La mise en bouche est courte. Carl Cox bourrine, défonce la résistance au son des plus récalcitrants. Il harangue la foule, en appel à la révolte unifiée par la musique. Break. “I’m callingggg youuu !”
“Chiotte de société vorace tu peux crever” pense-t-elle pendant que son corps se met frénétiquement en branle. Le rythme tape dans le crâne. Flux, reflux de nausée, la joie est trop immense. Le temps d’incubation pour entrer dans la bête-musique est passée. La maladie a envahi le corps. Elle n’est plus femme, plus homme, plus terrestre. Elle est les autres, elle est la sueur, la respiration fluide, le cœur emballé. Elle est les sens.
Beat cassant, secouant les jambes, les épaules, la nuque. La foule est électrique. Ames assommées. « Come onnnnn ! »
Elle secoue sa chevelure en tous sens, on la touche, elle touche, elle sourit, on sourit, on est empaqueté dans la masse musicale. Carl est concentré, très attentif aux réactions, super-survolté. Il n’en démord pas, il ne lâchera pas prise. Elle lui appartient. Tout le monde lui appartient. Il les tient fermement et enchaîne les morceaux, devinant les vibrations-décharges de tous.

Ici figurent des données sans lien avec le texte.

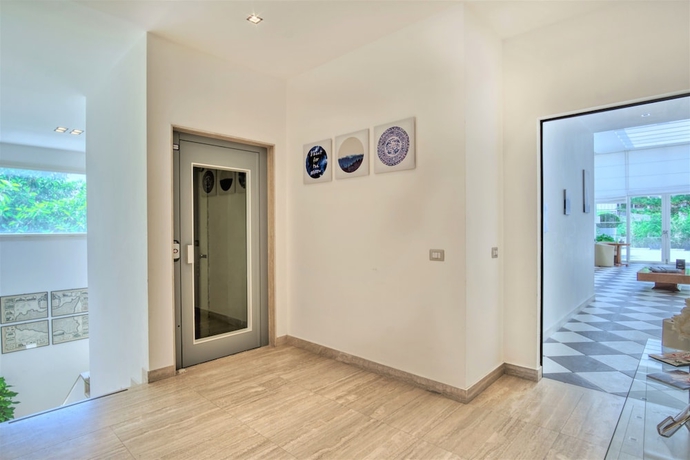 Imagen de los interiores del Horizon Suites. Foto 13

Comme si la musique devenait images, elle ne sent plus son esprit l’assaillir. Elle disparaît de nouveau. Flash ! Clash des neurones destabiblisés. La fatigue fait place à un état de ferveur indescriptible.
La nuit entière. Entièrement lumineuse. Champs de vies amnésiques.
Les courbatures trahissent sa démarche. « Alors ma belle tu as abusé du sport en chambre ou quoi ? » Le responsable du marketing est un porc qui assume. Sa femme connaît sans doute les joies de l’adultère.
Elle a envie de lui dire qu’elle l’emmerde, que sa vie à elle n’est pas une file indienne de bites inassouvies.
Les paupières lourdes, elle tente d’être attentive. Elle cherche les réponses à ses questions dans cet écran d’ordinateur blindé de tableaux indigestes. Comment fait-elle pour rester ici, parmi ces gros cons ?
Samedi, Jeff Mills fera sa fête à la foule des libérés. Tous ceux qu’elle rencontre ces soirs d’évacuation de merde, sont sans doute au boulot, à la fac ou chez eux en quête d’un emploi minable.
Le teknival approche, elle a pris une semaine de congé pour ça. Elle se doit d’être complètement libre pour savourer pleinement l’événement.
A 28 ans, elle ne compte plus les teufs qu’elle a pu faire. L’imbécile fragile est une combattante peu soucieuse de son avenir, imperméable à la politique, joyeusement inculte et libre d’appréhender le présent au rythme délirant des nuits de communion magnifique des corps asexués.